[Fred]

Chiq, to explain the expansion of the universe in a way you can visualise it is fairly easy. But lets look a little at the method by which was discovered first and the key is spectroscopy.

All mater when heated sufficiently emits light on characteristic quanta and, importantly, absorbs certain frequencies of light well. When light is taken from an object and split into a spectrum then these absorbtion lines can be noted. Now Hydrogen, and Heleium are sufficiently common elements that their absorption lines make handy reference sticks - especially given that the stars tend to made up largely of these two elements and are nicely radiant.

By looking at the light from various stars and galaxies you can get the absorption lines for them and when you compare the spectra with a similarly lumninous object that isn't moving relative to us you can see that the motion of the object has shifted the spectrum. (This process is a well known consequence of relativity and I won't go into it's hows and whys now.)

Edwin Hubble used this technique to study the night sky and noticed an interesting trend.
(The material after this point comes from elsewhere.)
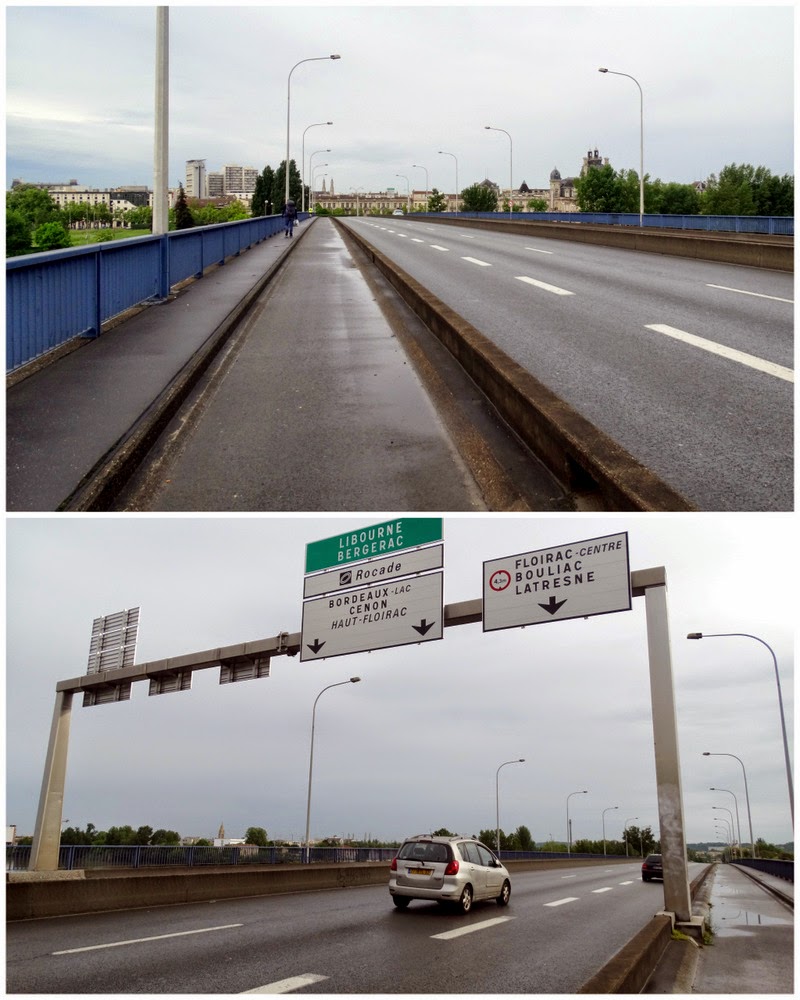 Pont SaintJean Bordeaux's great unloved bridge Invisible Bordeaux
Now distances in space are usually worked out, for any object above about 50 ly away from earth, by using reference objects of a known magnitude (brightness) and comparing their known magnitude with their absolute magnitdue (or observed brightness here on earth.). Certain objects are well known to have quite fixed magntiude relationships and (going from memory) these include Woolfe stars, Cephid variables, certain F0 primary stars, Quasars and one or two others that I forget.
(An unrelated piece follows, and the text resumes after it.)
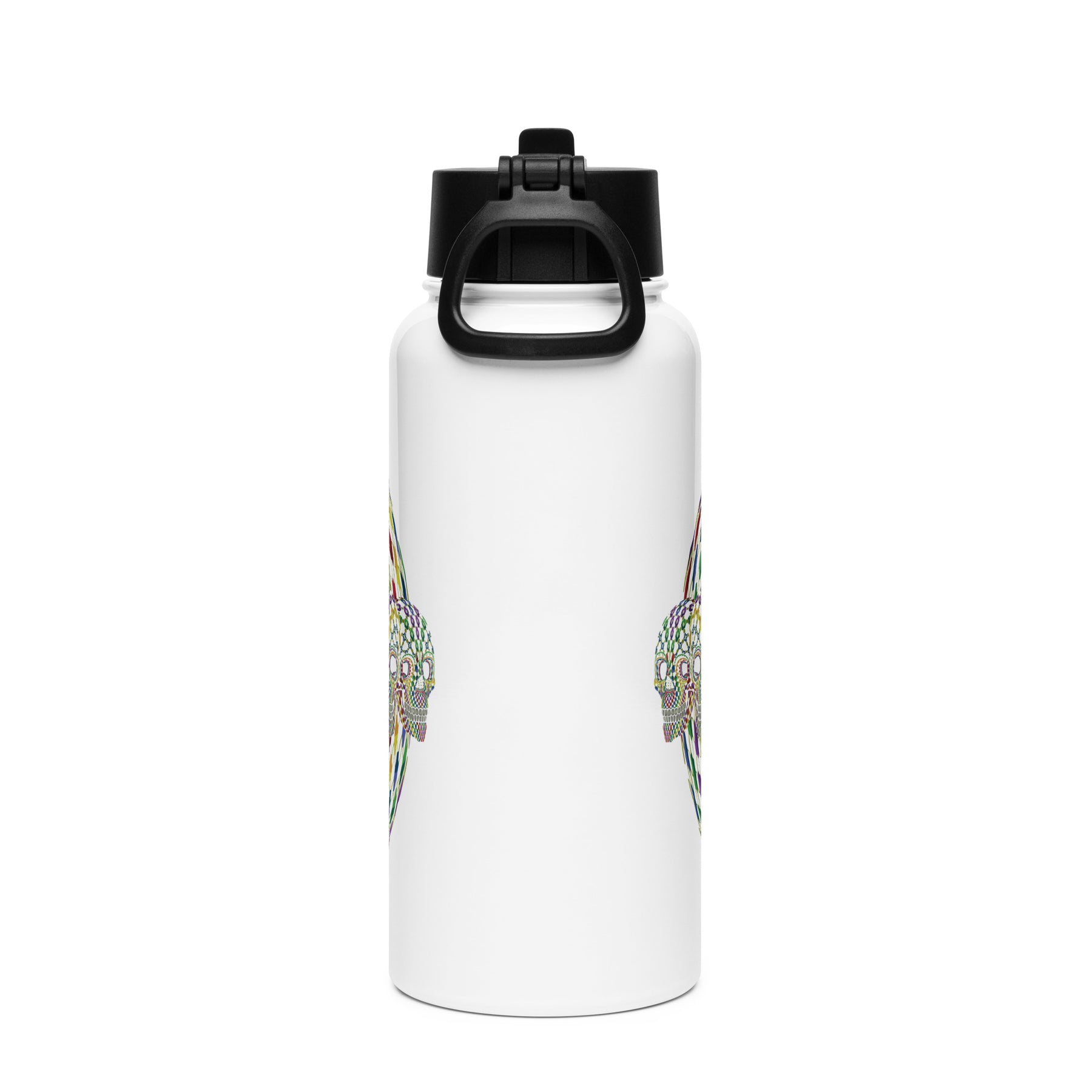 Trinfinity Water Bottle — Image 4 by Symbolika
Hubble noticed that when using these reference objects to get the distance to a galaxy that the further the object was away from the earth the more pronounced the red shift was in the spectra from that object. Red shifting only occurs when an object is speeding away from you - effectively elongating the wavelengths of light emitted. And the general relationship was that the further the object was away, the stronger the red shift and, here is the key bit, this occured in any direction you cared to look.

Now this has some interesting implications. If the universe was a nice more static place then you would expect that the 'soup' of galaxies out there would produce a heterogenous mix of shifts as some galaxies move towards us and some away. In essence we should see a pretty even mix of red, blue and marginal shifts irrespective of the distance.

Instead the further the distance then universally you get a more extreme red shift. There is some slight variation as some galaxies are 'fighting the flow' so to speak and trying to travel towards us but their motion is always less than the motion carrying them away.

One of the primary tennets of relativity is that our segment of the universe is not different from any other segment. This has lead to the assumption/expectation that even if we moved to another galaxy we would still see this motion carrying every other galaxy away from us. (There is a little more to the argument involving vector analysis of the motion to further reinforce this but it is more involved than I care to go into.)

That has lead to the inflationary model of thinking. The way to imagine it is picture a balloon half inflated. Draw on the surface of the balloon a set of concentric circles of dots with a dot at the centre of them all. The central dot is the earth. Keep inflating the balloon and you will see that as the inflation continues the further dots being to receed away from the center faster and faster.

This is effectively what is happening to us. The surface of the balloon is three dimensional space and we are on a hyper-sphere expanding at a fairly impressive clip.

|THAT|-fred
'fred is not dead, fred is resurrected!'